You only need to listen to their radio interactions to understand the strength of Verstappen's relationship with Lambiase. It is frank and sometimes brutally honest, but has underpinned one of the most successful careers Formula 1 has ever seen. Through good times and bad during his Red Bull tenure, Lambiase has always been by Verstappen's side. As a result, their relationship is close -- Verstappen once told Dutch media he knew he could call Lambiase 24/7, about anything in the world, something that he said went both ways. The pair shared an emotional moment after Verstappen missed out on the 2025 championship by just two points. The fact that he is now leaving will only add to any feelings of doubt Verstappen has about the current direction Red Bull is moving in.
Lambiase's next move is also noteworthy. It is always telling when someone leaves one team for another in a sideways trajectory, and this appears to be what Lambiase has done by moving over to Brown's McLaren team. Sources told ESPN that Lambiase had been approached by Aston Martin at least once in the last 12 months over becoming team principal, but those approaches were rebuffed. Yet he has taken a role with McLaren, which is similar -- in terms of where his name will sit in an org chart relevant to the most senior figures in the team -- to his current position at Red Bull.

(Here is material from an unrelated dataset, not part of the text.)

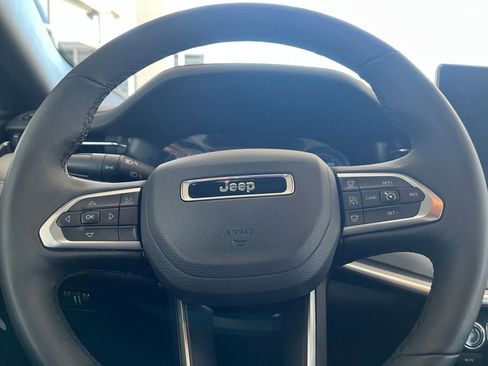 Used 2025 Jeep Compass Limited image 29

Multiple sources have told ESPN that the atmosphere within the current Red Bull team has been poor -- a feeling only exacerbated by the team's slow and frustrating start to the new F1 rules cycle. Seeing a senior team member -- and perhaps the closest ally of its superstar driver -- happy to walk sideways to another team will only underline the suggestions that something is fundamentally wrong at the heart of Red Bull's race operation.
No one knows for sure what Verstappen's next move will be, but after speaking to multiple sources around the F1 paddock on Thursday, the general feeling -- inside and outside of Red Bull -- was clear. Lambiase's move, even if it is a little way down the line, could be the final nail in the coffin in terms of Red Bull's chances of convincing Verstappen to ride out his current bad feeling about Formula 1 and keep racing beyond 2026.
He has months until he needs to make that decision -- he can trigger release clauses in August if he is not second or higher, but does not actually need to inform the team of his decision either way until October -- but after the latest developments, the writing already appears to be firmly on the wall.